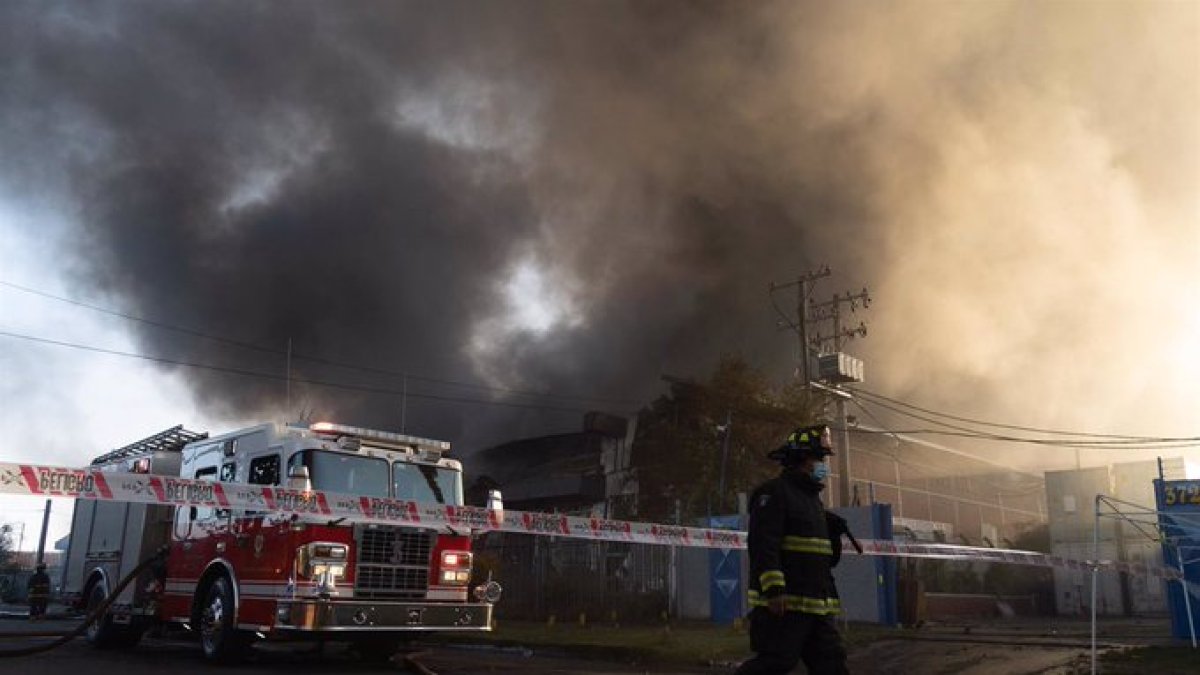 El fuego consumió el lugar donde habitaban 12 ecuatorianos.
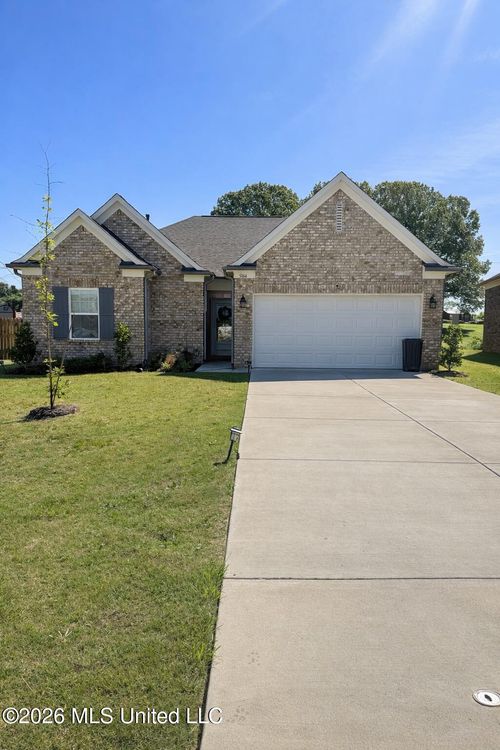 5864 Thomas St, Horn Lake, MS, 38637-3314 | Card Image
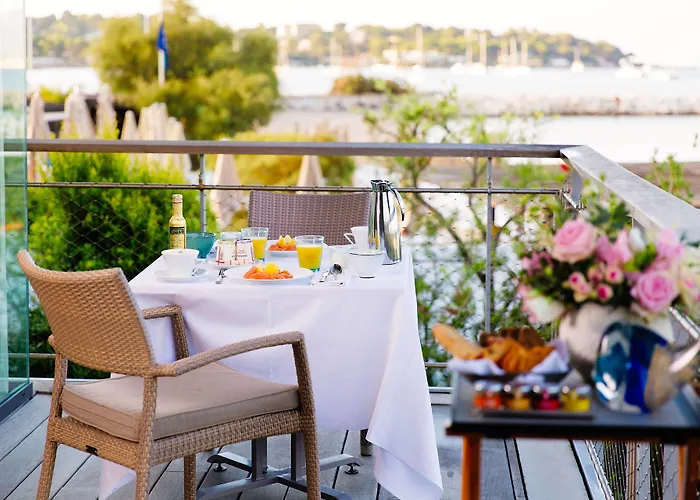 卡普昂蒂布海滩酒店 5*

***

Pictures are to be left out; otherwise, copy exactly each line from the one containing "5864 Thomas St, Horn" through the last line of the listing.

 5864 Thomas St, Horn Lake, MS, 38637-3314 | Card Image
 卡普昂蒂布海滩酒店 5*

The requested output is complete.